# Inferential Statistics Vs. Predictive Statistics

In [None]:
import pandas as pd
import numpy as np
from sklearn.datasets import make_regression
from sklearn.linear_model import LinearRegression
from sklearn.metrics import mean_squared_error

## Agenda

SWBAT:

- Describe the hallmarks of inferential statistics, and to contrast them with the hallmarks of predictive statistics;
- Relate the goals of model-building to expected value, bias and variance
- Define error as a function of prediction error and irreducible error
- Define prediction error as a combination of bias and variance

## Inferential Statistics in a Nutshell

In Phase 1 we looked at *descriptive* statistics: starting with a dataset and making various observations (overall shape, histogram, outliers, etc.) as well as calculations of quantities that can characterize the dataset as a whole (mean, median, mode, variance, standard deviation, quartiles, percentiles, etc.).

At the beginning of Phase 2 we moved into inferential statistics. The main idea here is to imagine that *we don't have* (or anyway cannot *measure*) all the data of interest.

And this is, of course, the typical situation. Consider:

- A zoologist wanting to know the typical lifespan of a Siberian tiger
- A cosmologist wanting to know the mass of a normal white dwarf star
- A businesswoman wanting to know how many M&M's her customers should expect to find in their Party Size bags
- A botanist wanting to know how tall California redwoods usually grow

The zoologist could, in principle:

1. keep track of every currently existing Siberian tiger;
2. record their (more or less) exact ages at their moments of death;
3. add up those ages and divide by the number of tigers to calculate an average lifespan

––But **only** in principle. In all of these situations, there is no realistic or practical opportunity to check each relevant data point.

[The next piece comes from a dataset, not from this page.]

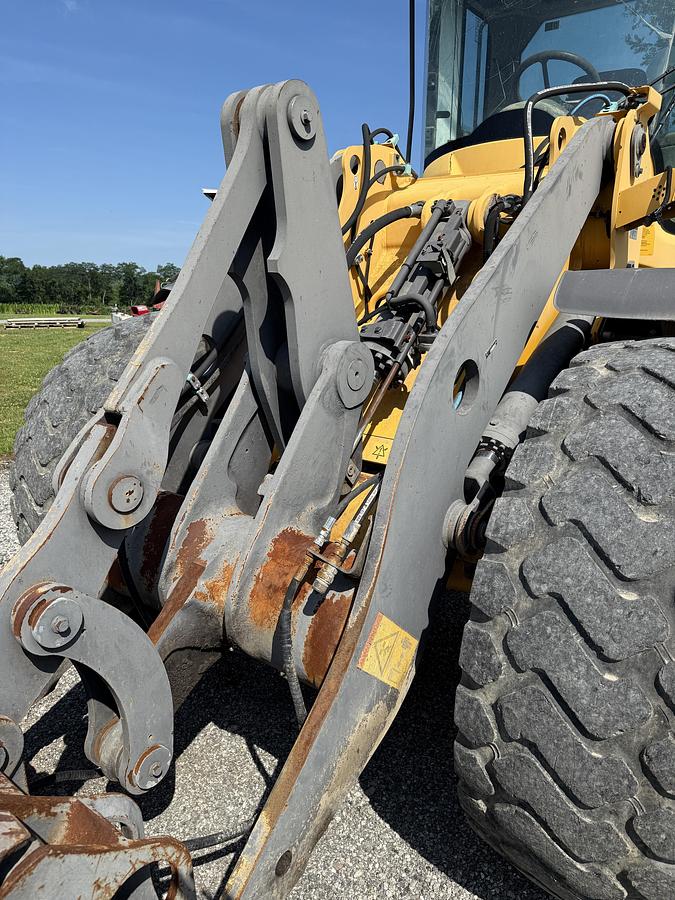Used 2010 VOLVO L60F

What we can do, however, is to check *some* of the data points we want to check. That is, we'll draw a *sample* of data from our *population* of interest. We can then use the techniques of descriptive statistics to characterize our sample.

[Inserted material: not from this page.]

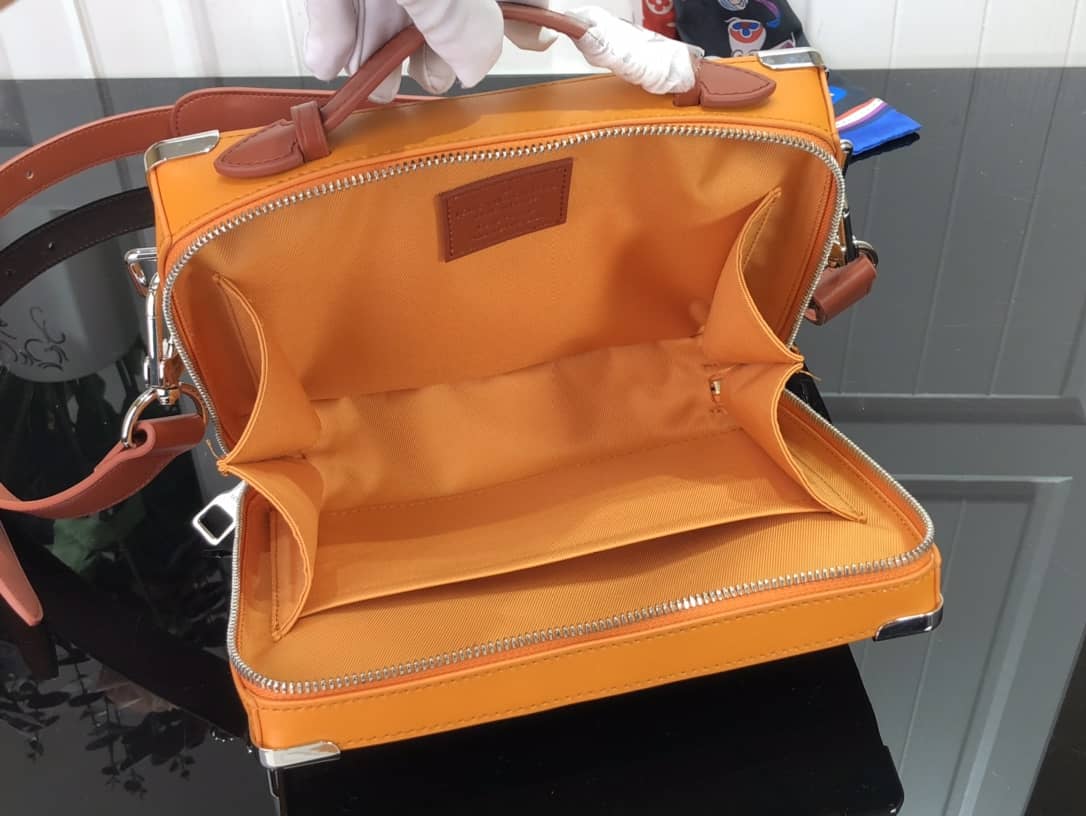L0vis Vvtt0n Handle Soft Trunk No. 7 Replica Shoulder Bag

The hope, then, is that our sample will be *representative* of the population as a whole, which would justify our using facts about the sample to ***infer*** things about the population as a whole. Naturally we'll expect a certain amount of **error**: If I take the mean of a sample, $\bar{x}$ and project it as an estimate of the mean of the whole population, $\mu$, the estimate is bound to be imperfect. Etc. etc.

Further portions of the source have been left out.